Almost since the first suburbs were built in Los Angeles, there have been worries that adding density would “Manhattanize” L.A., rendering it so crowded with new vertical development as to be unrecognizable to longtime residents. In the 1980s, as battles over growth heated up, one local slow-growth group dubbed itself Not Yet New York.
But Los Angeles has always been a city with a knack for reshaping itself by looking to its own architectural past. In particular, medium-density designs such as bungalow courts and dingbat apartments have welcomed waves of newcomers for more than a century while becoming architectural emblems of upward mobility and a particularly Southern Californian design sensibility — informal and optimistic.
We have never needed a return to that kind of development more than now, in the wake of the Eaton and Palisades fires, even as public discussion has focused mostly on rebuilding exactly what was lost. With affordability pressures as intense as ever, now is the time not to Manhattanize but, once again, to Los Angelize L.A.
As longtime advocates for design excellence and policies to boost housing production, we believe there is nothing more Angeleno than the reinvention of the so-called R1 neighborhood, the single-family zone that first emerged in L.A. with the Residential District Ordinance of 1908. R1 zoning shifted into overdrive in 1941 when tract houses emerged to replace the bean fields of Westchester, near what is now Los Angeles International Airport.
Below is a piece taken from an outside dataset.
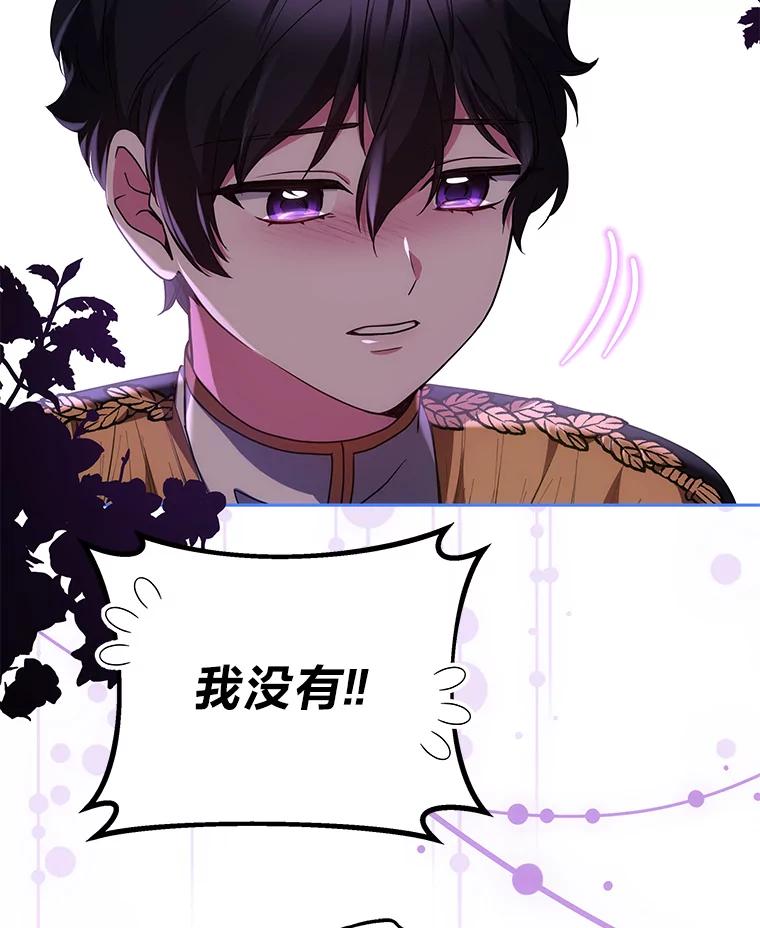 《宝贝龙太子妃驯服疯子》24.冬训 第106页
It wasn’t until 2016, with the appearance of a new state law allowing accessory dwelling units, or ADUs, that the R1 neighborhood evolved in any meaningful way. Even the most ardent champions of ADUs — aka granny flats or casitas — couldn’t have foreseen how widely popular they’d become. Today, about one-fifth of new housing permits in California and a whopping one-third in the city of L.A. are ADUs.
Still, the granny flat is no silver bullet. The housing affordability crisis in Los Angeles demands a more ambitious approach than adding new residential development one small unit at a time. State laws allowing as many as 10 apartments on a single-family lot have been on the books for several years now. But homeowners and developers have been slow to take advantage of them, and many California cities have dragged their feet in making them truly usable.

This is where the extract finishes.